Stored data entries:

▬▬▬▬▬▬

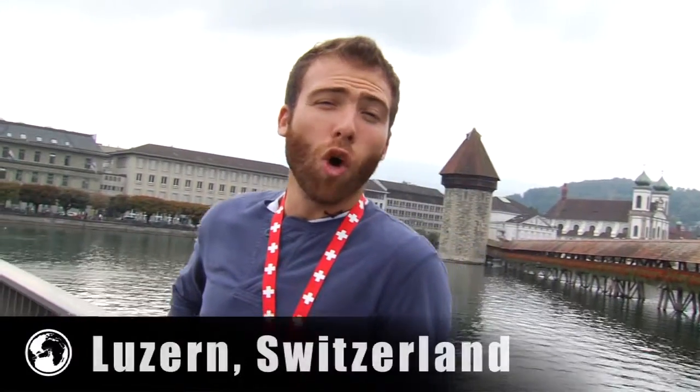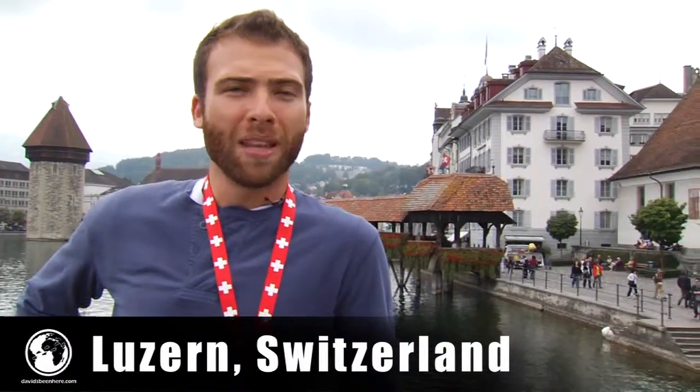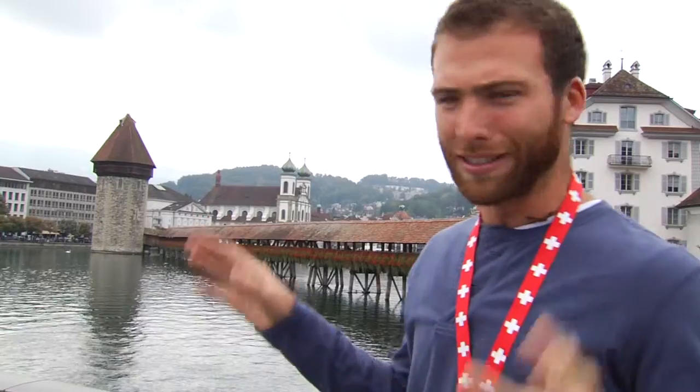Behind me we have the Chapel Bridge — this is the oldest wooden bridge in Europe. It was built in 1333. Inside the bridge there are paintings that show the history of Lucerne, painted in the 1700s. The water tower has been used for many things, but the most interesting fact is that it was used as a torture institution or torturing cell. Crazy! Let's cross the bridge — follow me.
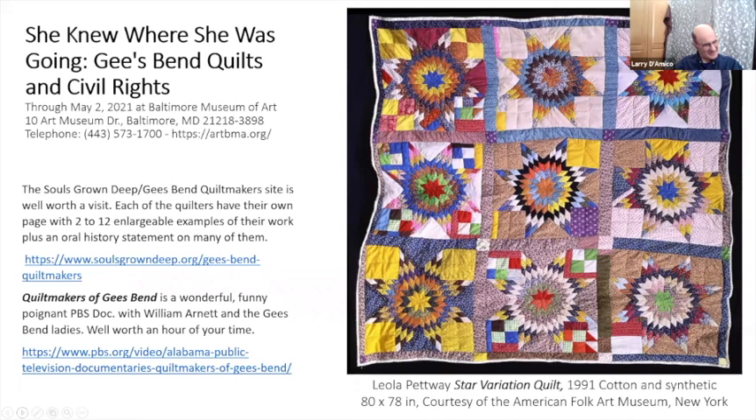Thank you — we had two quilters at the library — the former director and the former benefits manager — and we used to look at their quilts, but these were extraordinary, as you said. Thank you all for coming. Go to the Chappaqua Library website at chappaquaLibrary.org and look at all the programs we're having in February, including those celebrating Black History Month. Thank you all, bye-bye.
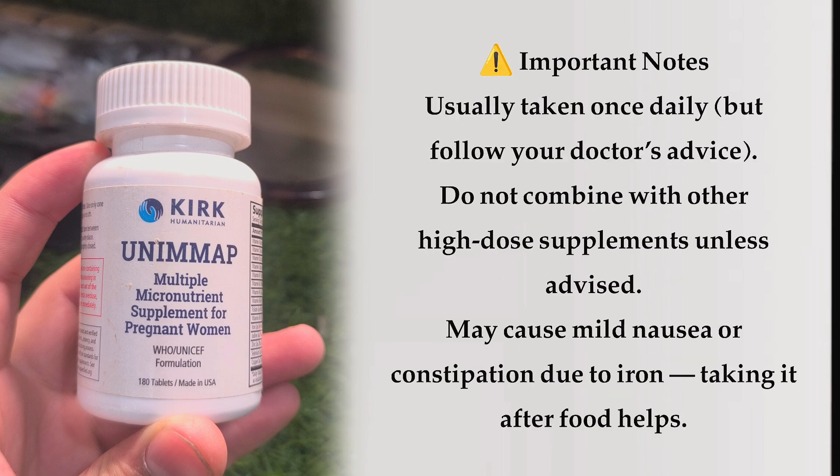Important notes: Usually taken once daily, but follow your doctor's advice. Do not combine with other high-dose supplements unless advised. May cause mild nausea or constipation due to iron — taking it after food helps.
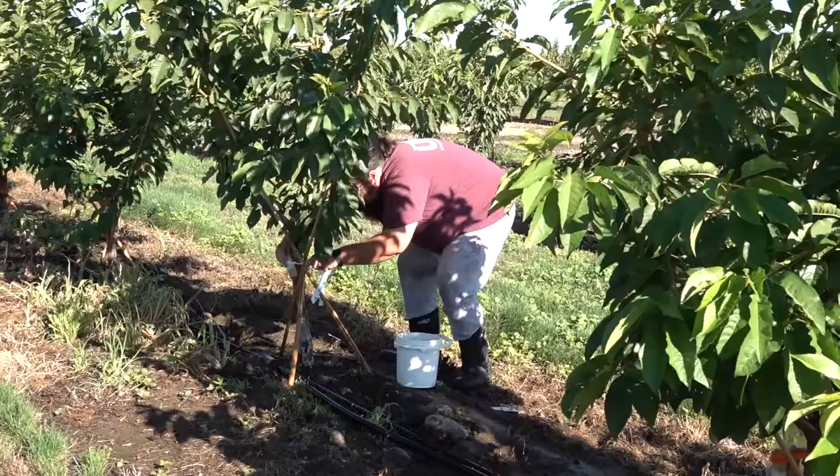Today we were collecting earwig samples from traps that have been placed in the cherry and apricot trees.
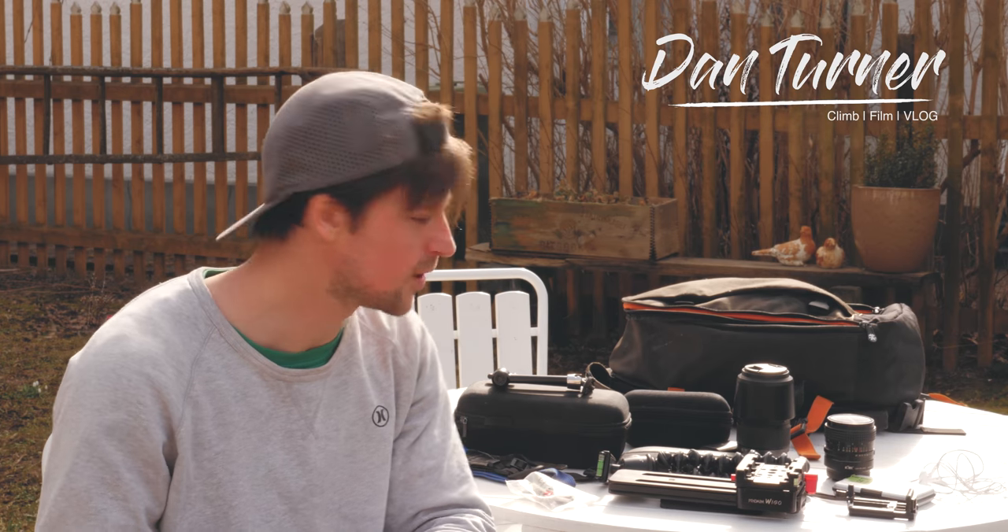A lot of people ask about what camera equipment I use and what I've taken on trips away, so I thought I'd take this opportunity to show you my camera equipment.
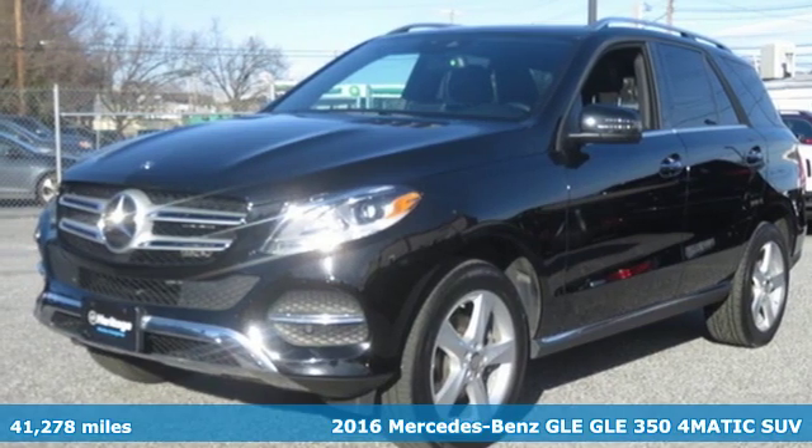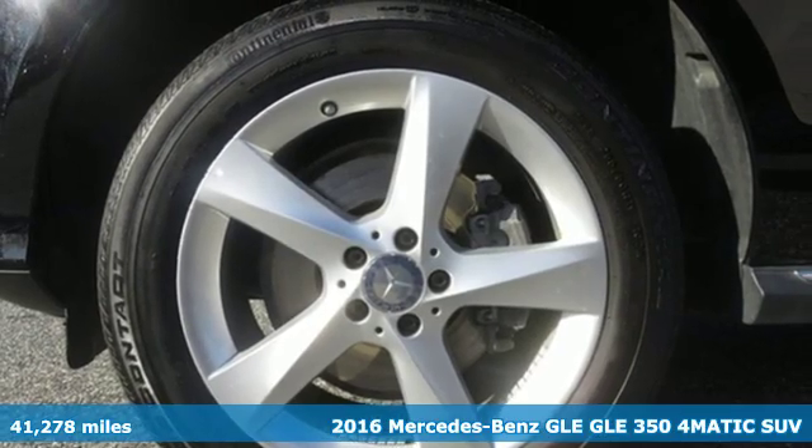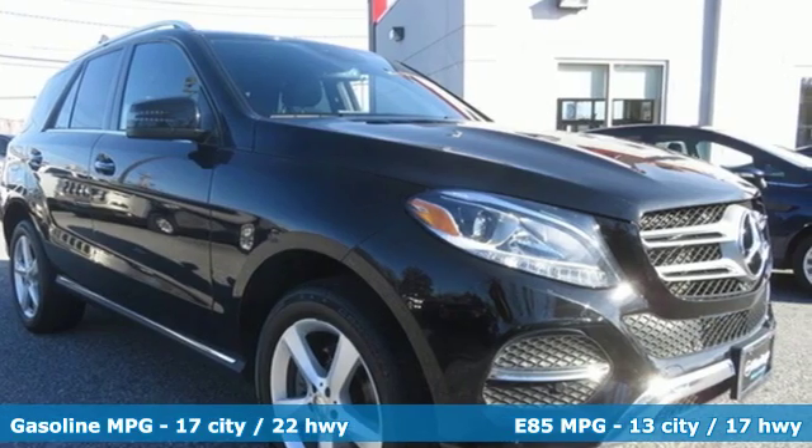Here's a 2016 Mercedes-Benz GLE. This GLE is reassuring when the weather turns and rewarding when the road turns. And with features like these, every drive's a pleasure.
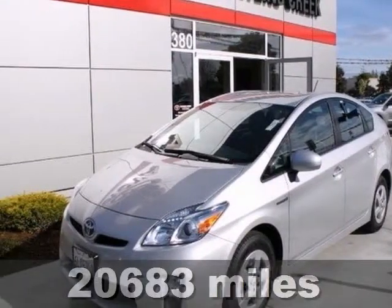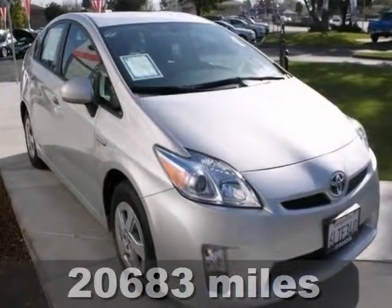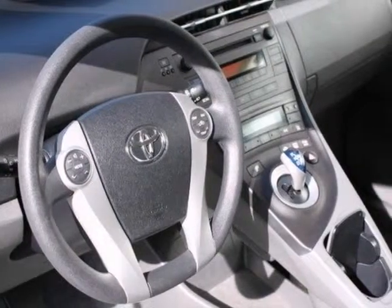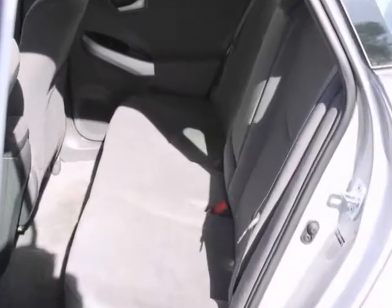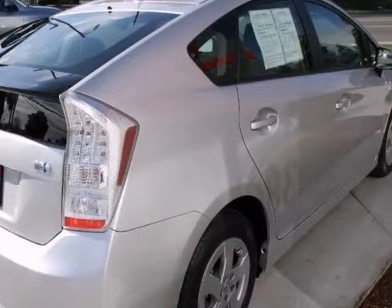Here is a certified 2010 Toyota Prius 2. This hybrid vehicle has a lot to offer, starting with automatic headlights, heated mirrors, and a CD player. Plus, you will also find steering wheel audio controls, multiple airbags, and keyless start.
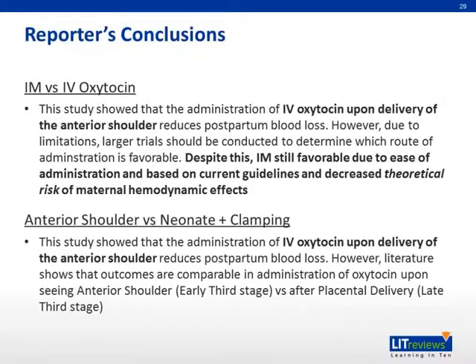In conclusion, regarding IM versus IV oxytocin: the study showed that IV oxytocin upon delivery of the anterior shoulder reduces postpartum blood loss. However, due to limitations, larger trials should be conducted to determine which route is favorable. Despite this, IM is still favorable due to ease of administration, current guidelines, and decreased theoretical risk of maternal hemodynamic effects. As for timing, the study showed that IV oxytocin upon delivery of the anterior shoulder reduces postpartum blood loss; however, literature shows that outcomes are comparable whether oxytocin is given upon seeing the anterior shoulder versus after placental delivery.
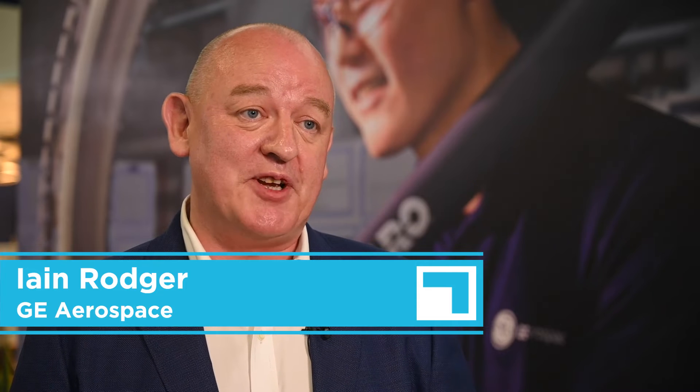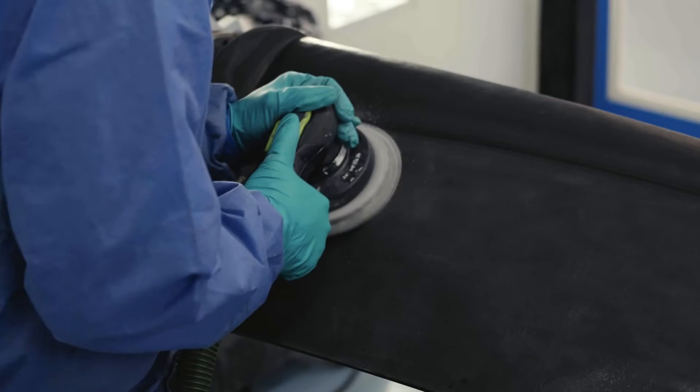Ian Rodger from GE Aerospace Component Repair Singapore tells us why this region is such an important contributor to the company's MRO offering in Asia-Pacific and beyond. "Singapore is such a strategic place in MRO, especially for Asia-Pacific. We've been here for over 40 years. Our business here for component repair accounts for more than 60% of our global repair volume. And the reason we've been here so long and continue to have a strategic place here is because of the infrastructure, the support from government, and most importantly the talent that is continually evolving with support from local resources."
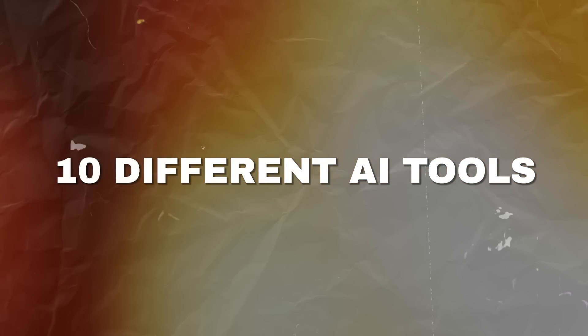Today I'm going to go over 10 different AI tools that can help you out with many different aspects of your print-on-demand business.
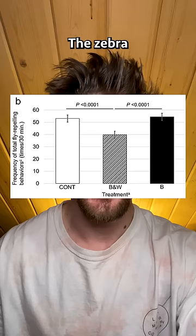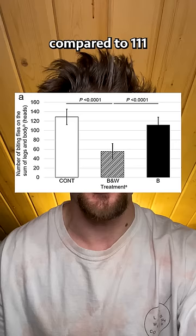The zebra-striped cows made 40 fly-repelling movements every 30 minutes, compared to 53 by the black-striped cows and 54 by the normal cows. And only 55 flies were observed to land on the zebra cows, compared to 111 on the black-striped cows and 128 on the normal cows.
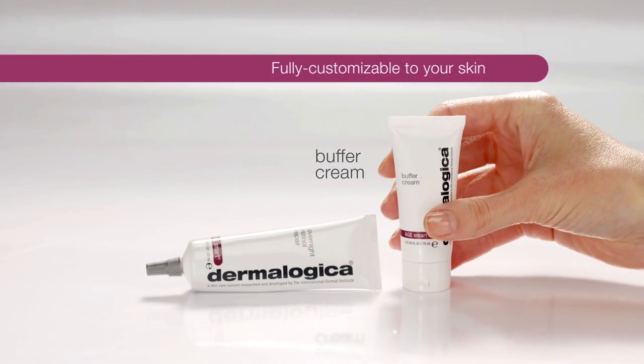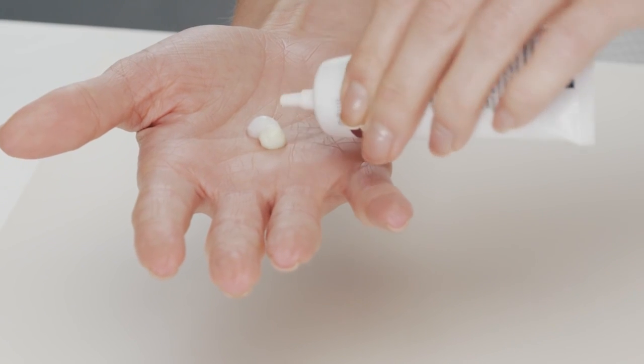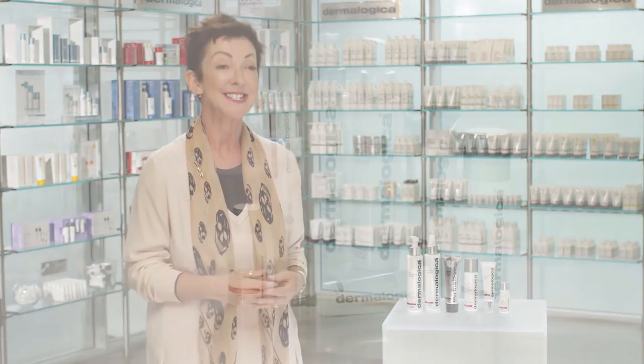We address those fine lines, wrinkles, and even discoloration so often associated with aging skin. Along with the buffer cream, which is completely unique and original, gives us the opportunity to address skin aging in whatever skin we find we want to use it on. And so not only are we proud, it's an amazing product system.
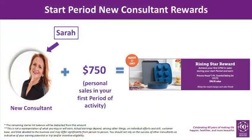In Period 11 only, new consultants that join Princess House with personal sales totaling $750 in their first active period receive this three-piece essential baking set valued at $99.95.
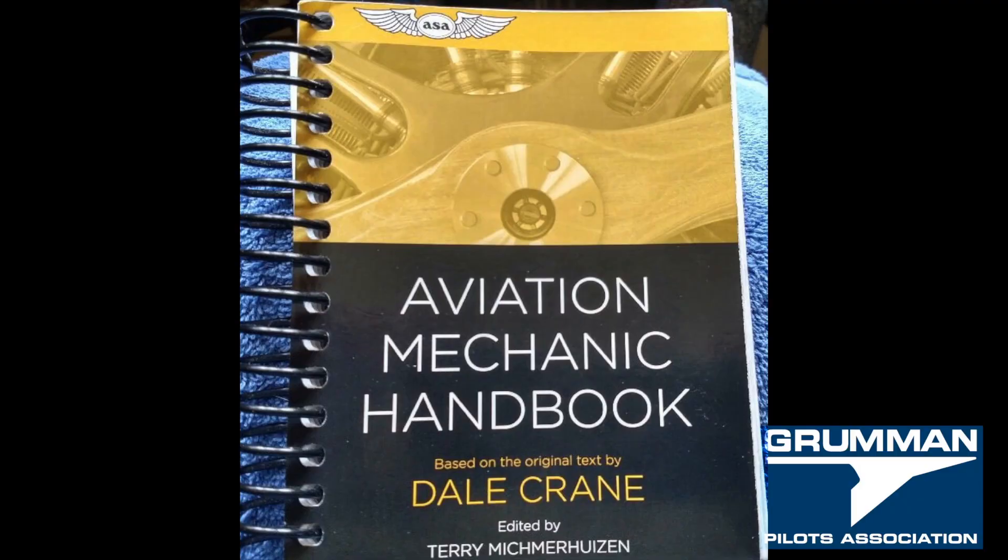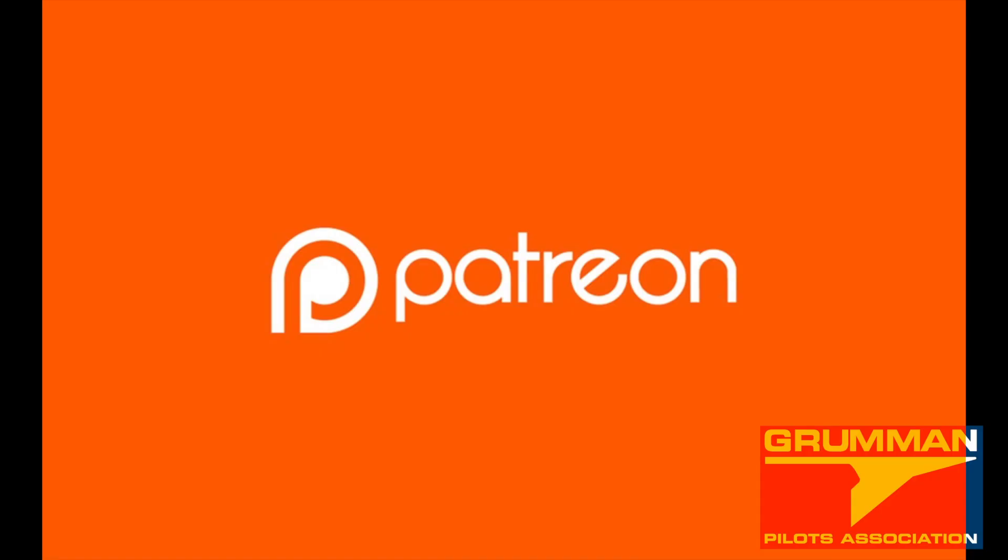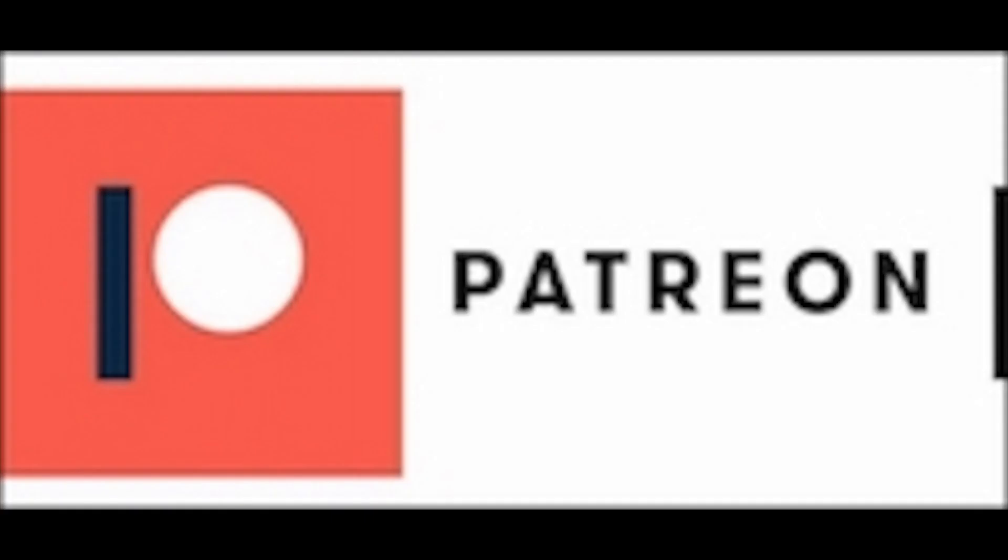Thanks for watching and have a good day flying your Grumman. Look for the link on the GPA page to support us — thank you very much for your support.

▬▬▬▬▬▬

## [Task statement]
Only the lines from the top of the records through the line with "Here's a 2016" belong in the copy; write them out exactly, leaving out pictures.

## [Response to this task]
Behind me we have the Chapel Bridge — this is the oldest wooden bridge in Europe. It was built in 1333. Inside the bridge there are paintings that show the history of Lucerne, painted in the 1700s. The water tower has been used for many things, but the most interesting fact is that it was used as a torture institution or torturing cell. Crazy! Let's cross the bridge — follow me.
Thank you — we had two quilters at the library — the former director and the former benefits manager — and we used to look at their quilts, but these were extraordinary, as you said. Thank you all for coming. Go to the Chappaqua Library website at chappaquaLibrary.org and look at all the programs we're having in February, including those celebrating Black History Month. Thank you all, bye-bye.
Important notes: Usually taken once daily, but follow your doctor's advice. Do not combine with other high-dose supplements unless advised. May cause mild nausea or constipation due to iron — taking it after food helps.
Today we were collecting earwig samples from traps that have been placed in the cherry and apricot trees.
A lot of people ask about what camera equipment I use and what I've taken on trips away, so I thought I'd take this opportunity to show you my camera equipment.
Here's a 2016 Mercedes-Benz GLE. This GLE is reassuring when the weather turns and rewarding when the road turns. And with features like these, every drive's a pleasure.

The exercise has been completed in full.